Another issue revealed by the results in Table 1 is that the joint optimization of multiple prior constraints is usually better than a single prior. For example, a single sparse prior, even for tensor space sparsity, gives the worst reconstruction performance of STNCS among all methods. The HSSTV has also been able to achieve a very high MPSNR by combining multiple TVs. E-3DTV is similar to spectral unmixing, which adds constraints in subspace for reconstruction. However, due to the improper reconstruction framework, its accuracy is not high. Overall, the subspace reconstruction scheme based on spectral unmixing outperforms the direct reconstruction of the entire HSI.

Table 2 provides the MSSIM comparison of all competing methods.
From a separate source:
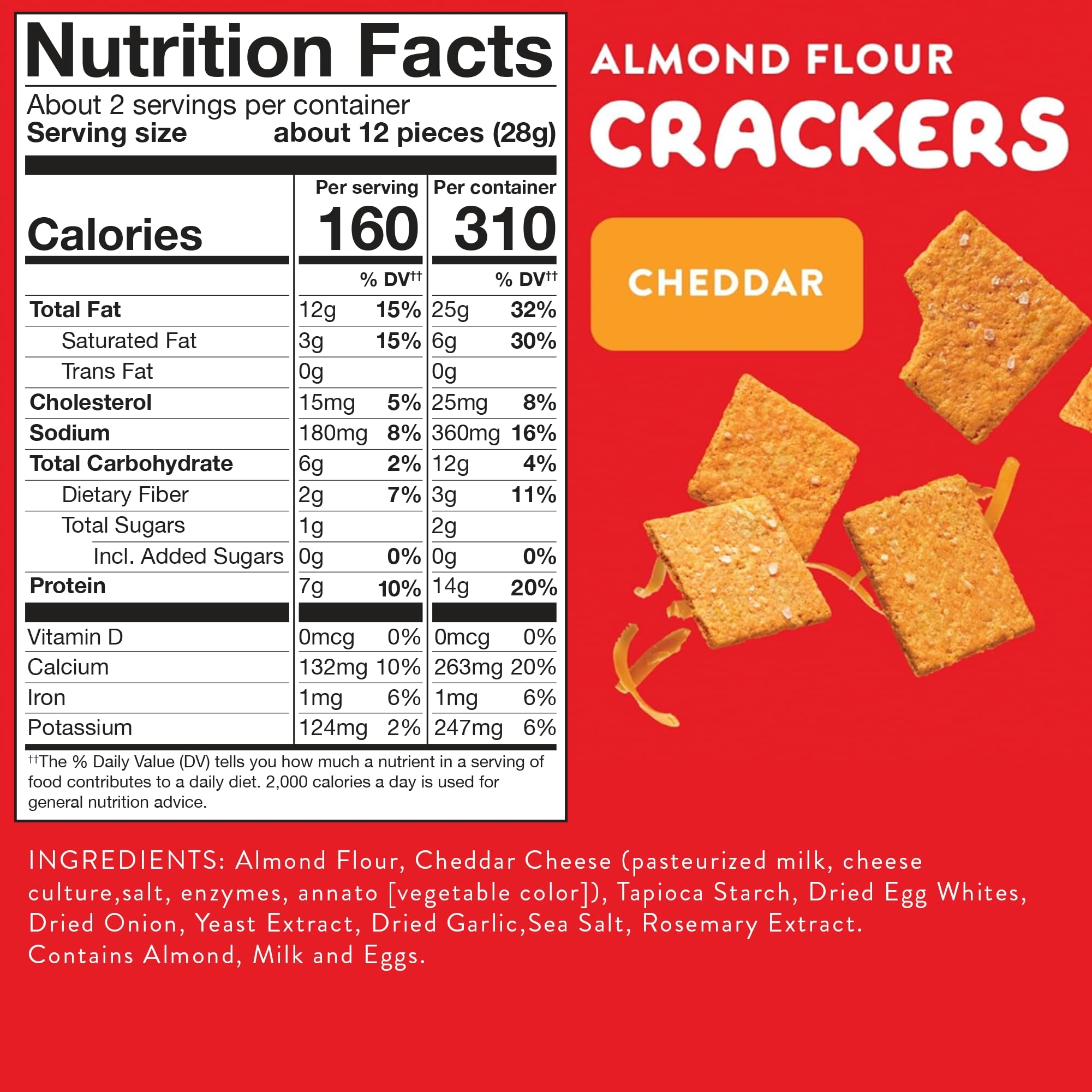 Amazon HighKey Crackers Variety Pack 2 0oz Keto Crackers 3 Pack Cheddar Everything Sea Salt Low Carb Gluten Free Snacks Crunchy Grain Free Healthy Snack Everything Else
SSIM is an index to measure the similarity between the reconstructed image and the original image. DCHI_SUL also largely outperforms other algorithms on MSSIM, except for three cases that are slightly below DCHS, but the difference is also very small. Comparing HSSTV and DCS_SLM in Tables 1 and 2, the MPSNR of DCS_SLM is sometimes higher than that of HSSTV, but the MSSIM is lower instead, which indicates that HSSTV can protect the structure of the image better than DCS.

One worth mentioning is that DCS has a low number of key bands at low sampling rates and high endmember prediction accuracy, but poor abundance estimation. Conversely, the endmember prediction accuracy decreases at high sampling rates, while the abundance estimation depends on the endmember prediction, resulting in no significant improvement in estimation performance. Therefore, the MPSNR and MSSIM of DCS_SLM sometimes decrease after the sampling rate exceeds 0.3. However, the accuracy of DCHI_SUL does not decay or decays little due to a series of refining strategies.

We also provide the MSAM comparison results of all methods in Table 3. In most cases, DCHI_SUL still accomplishes the best reconstructing performance. Compared to the results of MPSNR, however, the minimum MSAM cases outside of DCHI_SUL are more frequent, and the relative advantage is also a little weaker. This indicates that DCHI_SUL is better at maintaining spatial rather than spectral information for HSI. It is worth mentioning that the MSAM of the HSSTV algorithm at high sampling rates reaches or is even lower than the optimal value obtained by the DCS framework, which may benefit from the application of its multi-TV constrained prior consisting of spectral difference and spatial-spectral difference operators.

The last one of the quantitative experiments compares the reconstruction speed of all algorithms. Table 4 shows the reconstruction times for all methods under different sampling rates on the Yellowstone 0 dataset. Obviously, the reconstruction methods based on spectral unmixing significantly reduce the computational complexity. For example, DCS_SLM improves the reconstruction time by 2 orders of magnitude over JT-3DTV, and also by nearly 5 times over STNCS, which is the fastest of the conventional algorithms in our experiments. Spectral unmixing converts the reconstruction of hyperspectral data into endmember and abundance estimates rather than directly recovering the original data. The optimization of two small matrices during the iterative process is certainly much less computationally complex than the direct optimization of the entire dataset. The reconstruction time of DCHI_SUL is about 2–3 times longer than that of DCS_SLM, mainly due to the initialization and reconstruction modules performed.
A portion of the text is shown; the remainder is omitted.